**Work item**
A word-for-word copy of the records is needed, with every picture left out.

**Exercise data**
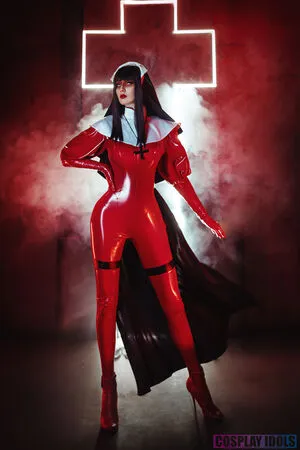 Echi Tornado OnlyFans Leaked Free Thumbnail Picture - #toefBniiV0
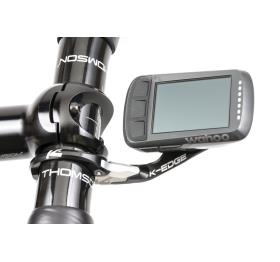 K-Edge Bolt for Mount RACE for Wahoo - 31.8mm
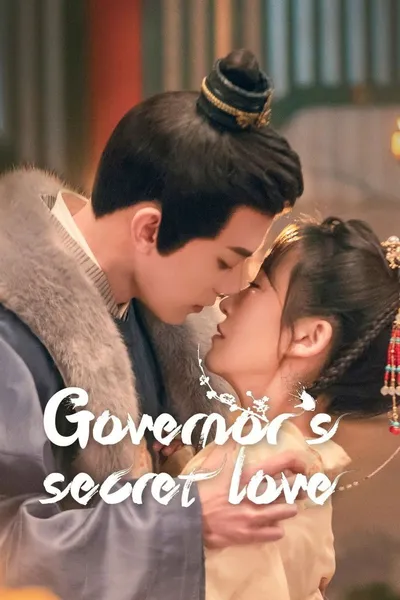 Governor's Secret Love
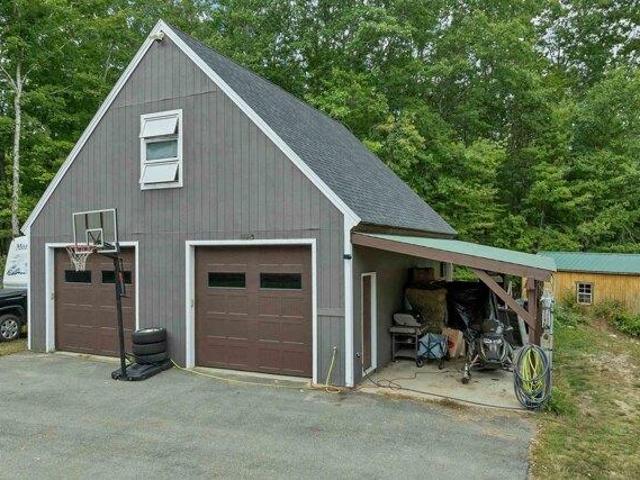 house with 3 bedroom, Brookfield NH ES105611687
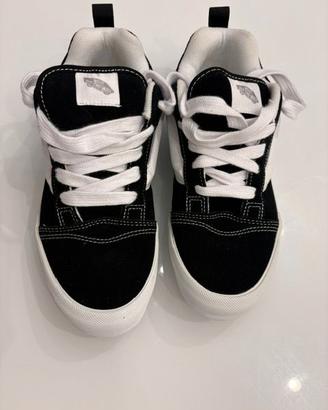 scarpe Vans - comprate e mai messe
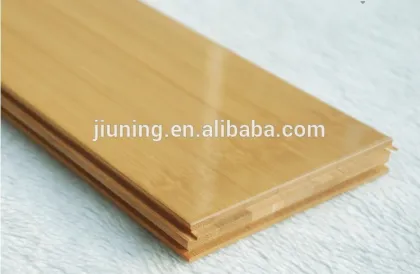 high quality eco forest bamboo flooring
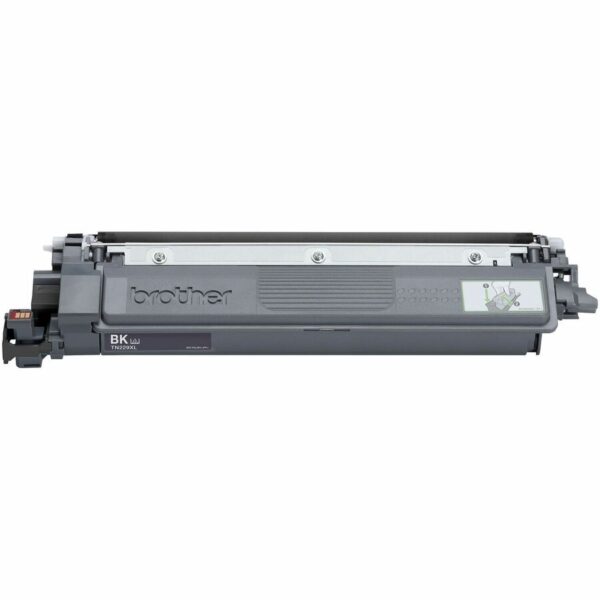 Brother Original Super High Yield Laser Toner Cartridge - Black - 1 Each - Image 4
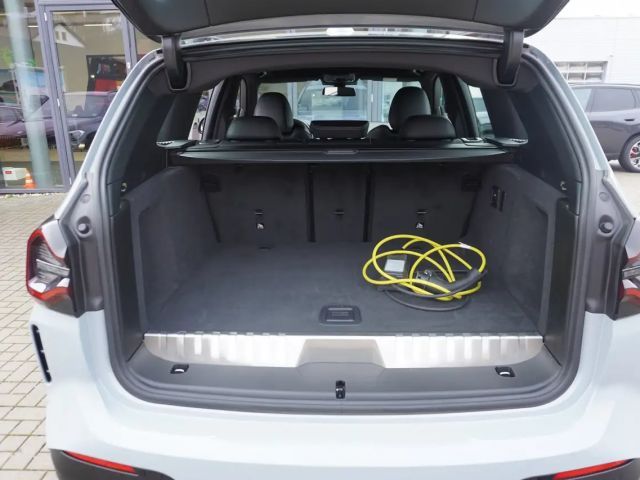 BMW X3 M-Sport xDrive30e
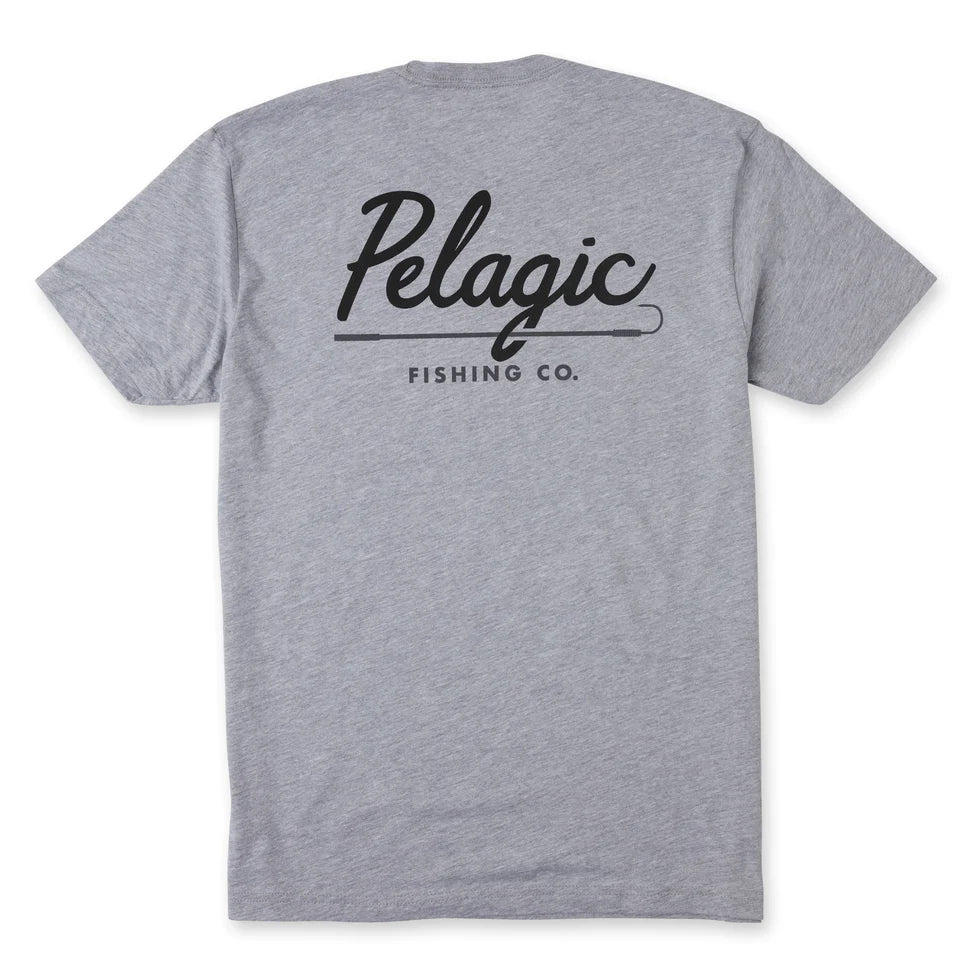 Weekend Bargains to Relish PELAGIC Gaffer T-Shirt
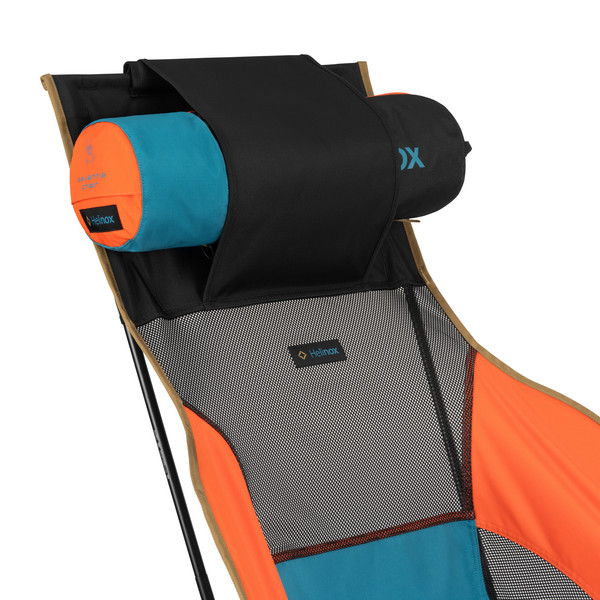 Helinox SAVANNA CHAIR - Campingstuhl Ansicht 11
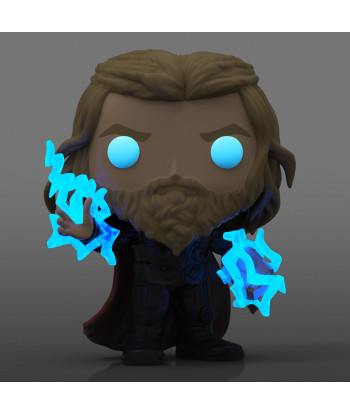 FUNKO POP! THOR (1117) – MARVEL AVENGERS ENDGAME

**Your response**
 Echi Tornado OnlyFans Leaked Free Thumbnail Picture - #toefBniiV0
 K-Edge Bolt for Mount RACE for Wahoo - 31.8mm
 Governor's Secret Love
 house with 3 bedroom, Brookfield NH ES105611687
 scarpe Vans - comprate e mai messe
 high quality eco forest bamboo flooring
 Brother Original Super High Yield Laser Toner Cartridge - Black - 1 Each - Image 4
 BMW X3 M-Sport xDrive30e
 Weekend Bargains to Relish PELAGIC Gaffer T-Shirt
 Helinox SAVANNA CHAIR - Campingstuhl Ansicht 11
 FUNKO POP! THOR (1117) – MARVEL AVENGERS ENDGAME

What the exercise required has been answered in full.